TASK DETAILS:
Exactly and only the lines from the one with "Колеса поезда на" through the last line of the records need to be set down; please skip the pictures.
*** STORED DATA ***
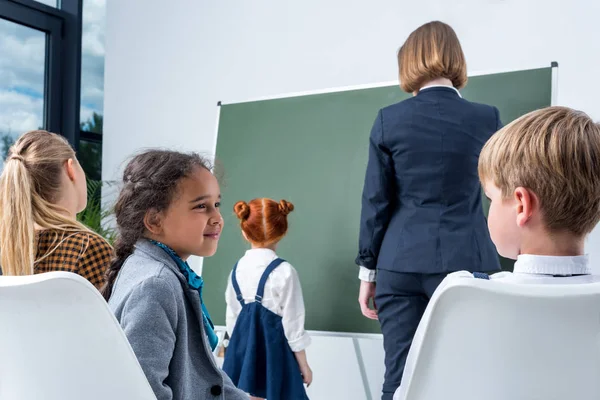 Insegnante con studente alla lavagna — Foto Stock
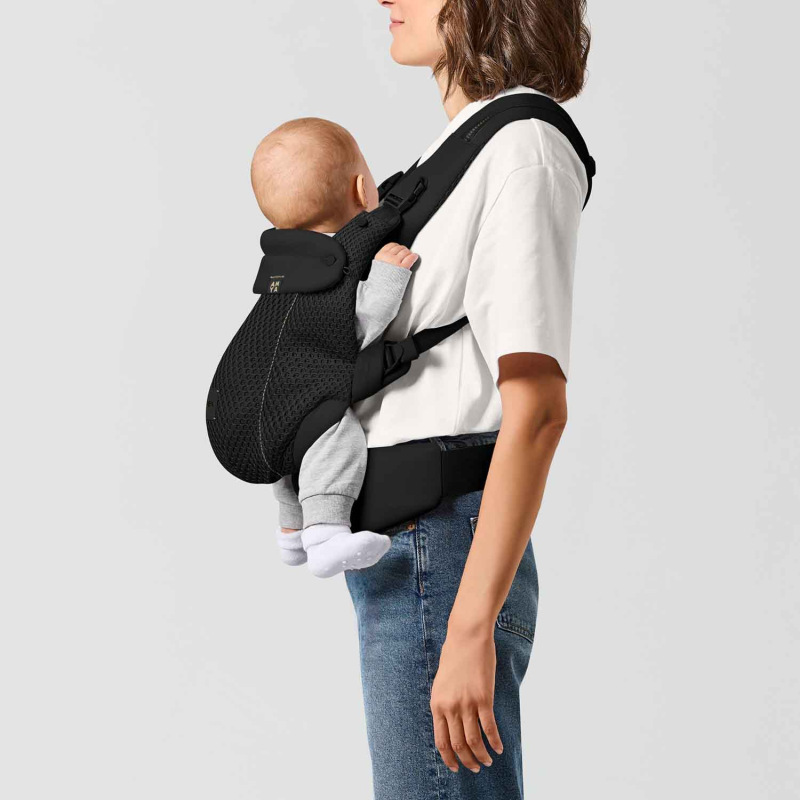 Cybex nosič AMYA - Magic Black 10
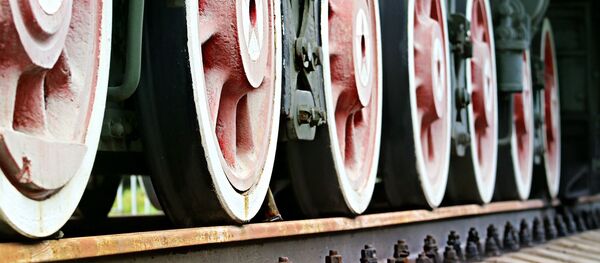 Колеса поезда на рельсах, архивное фото - Sputnik Таджикистан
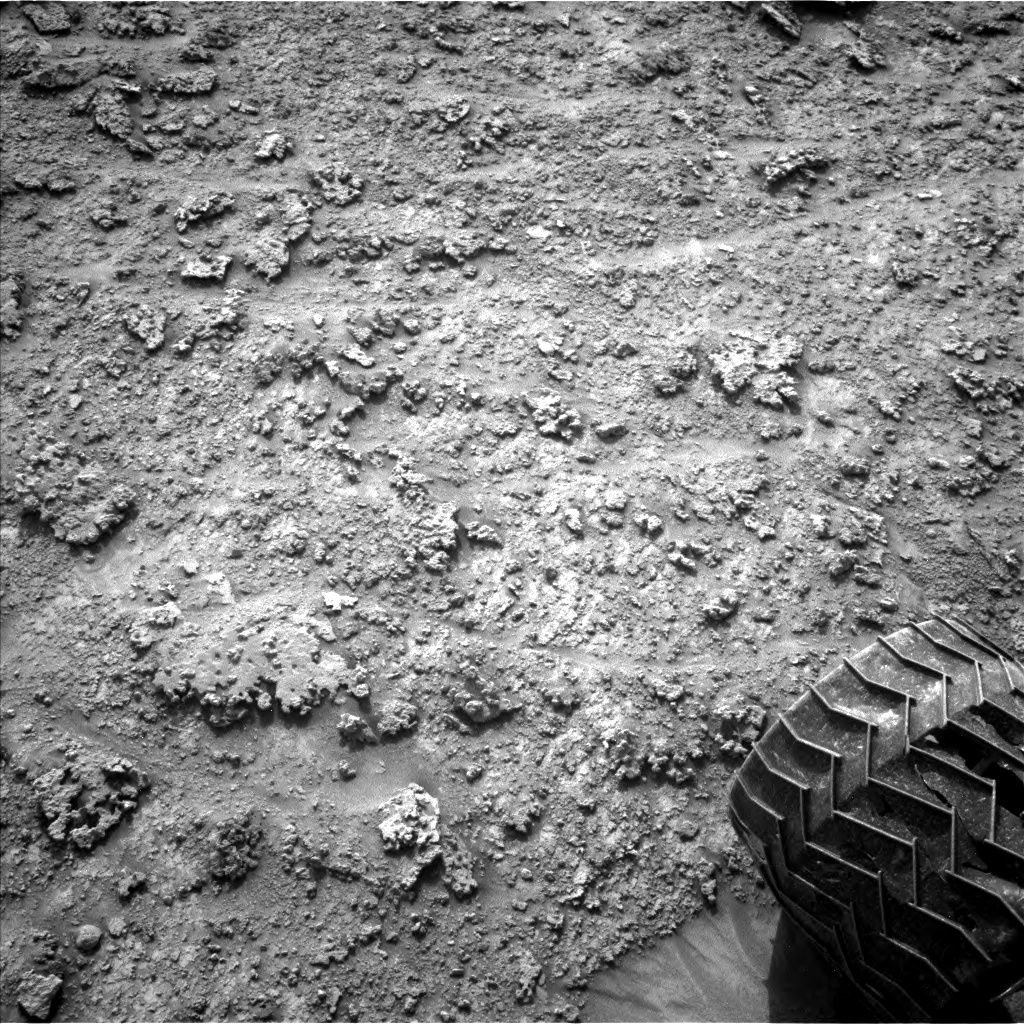 Nasa's Mars rover Curiosity acquired this image using its Left Navigation Camera on Sol 3700, at drive 398, site number 99
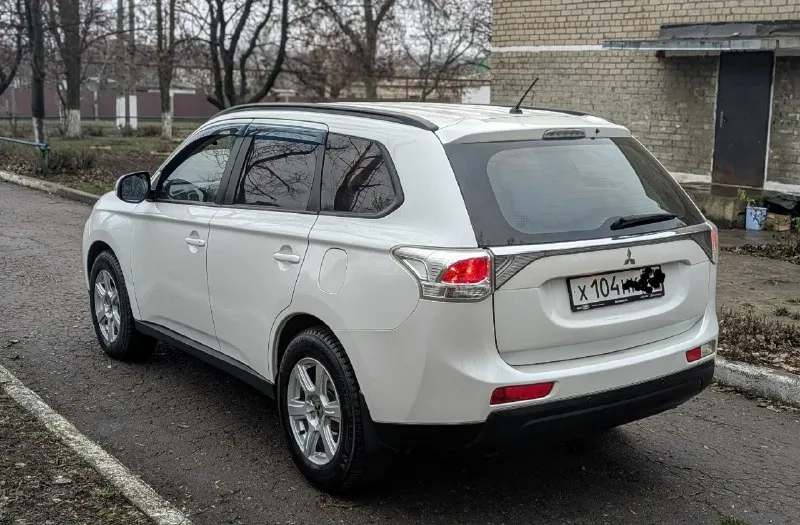 📢 продам mitsubishi outlander ресталинг в идеальном состоянии можно и вкредит 💥💥 🔹год 2014 🔹двигатель 2.0л бенз. 🔹коробка: автомат 🔹привод :полный 🔹учёт рф любое оформление цена 1м.150тр торг звоните 🔹авто в хорошем состоянии не бита 100% ходовка супер двигатель и кпп работают отлично, кузов в идеальном состоянии, музыка, дачики мертвых зон камера задниго вида, дачик света, дачик дождя, сигнализация, эл стеклоподъёмники подогрев сидения 2х зоный климат резина хорошая т. д 🔹телефон :+79490030135(телеграм +79497396813) (вацап +380714978907 📞 звоните: +7(949)0030135 - фотография - 4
*** End of STORED DATA ***
RESPONSE:
 Колеса поезда на рельсах, архивное фото - Sputnik Таджикистан
 Nasa's Mars rover Curiosity acquired this image using its Left Navigation Camera on Sol 3700, at drive 398, site number 99
 📢 продам mitsubishi outlander ресталинг в идеальном состоянии можно и вкредит 💥💥 🔹год 2014 🔹двигатель 2.0л бенз. 🔹коробка: автомат 🔹привод :полный 🔹учёт рф любое оформление цена 1м.150тр торг звоните 🔹авто в хорошем состоянии не бита 100% ходовка супер двигатель и кпп работают отлично, кузов в идеальном состоянии, музыка, дачики мертвых зон камера задниго вида, дачик света, дачик дождя, сигнализация, эл стеклоподъёмники подогрев сидения 2х зоный климат резина хорошая т. д 🔹телефон :+79490030135(телеграм +79497396813) (вацап +380714978907 📞 звоните: +7(949)0030135 - фотография - 4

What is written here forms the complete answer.